== Records for the exercise ==

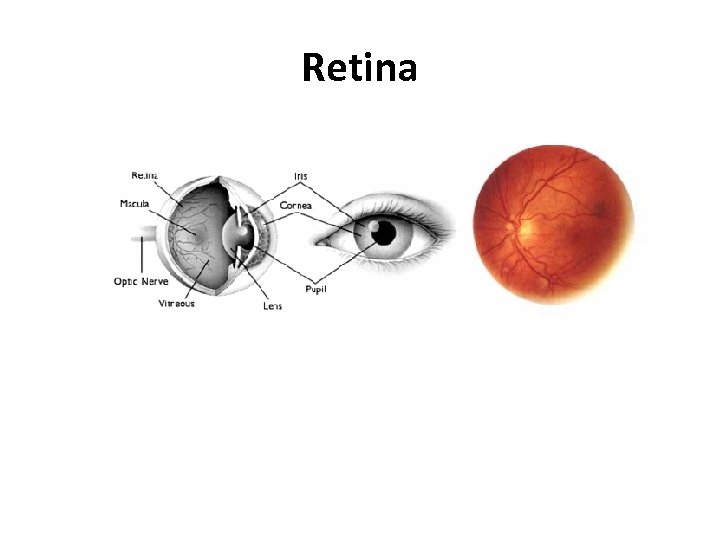 Retina 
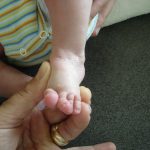 Pieb Calcaneus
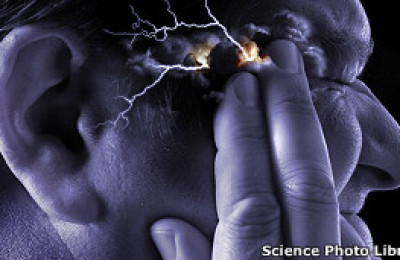 30212152746_migraine_supraorbital_transcutaneous_stimulator_304x171_sciencephotolibrary
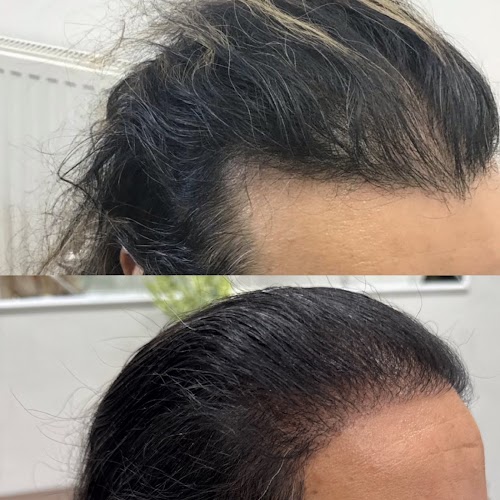 Este hair medical USA logo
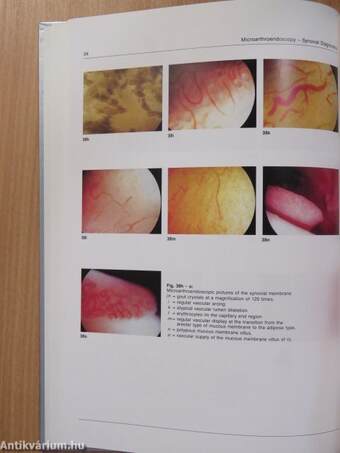 Microarthroendoscopy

===

Print the material above once more, exactly. No pictures belong in it.

 Retina 
 Pieb Calcaneus
 30212152746_migraine_supraorbital_transcutaneous_stimulator_304x171_sciencephotolibrary
 Este hair medical USA logo
 Microarthroendoscopy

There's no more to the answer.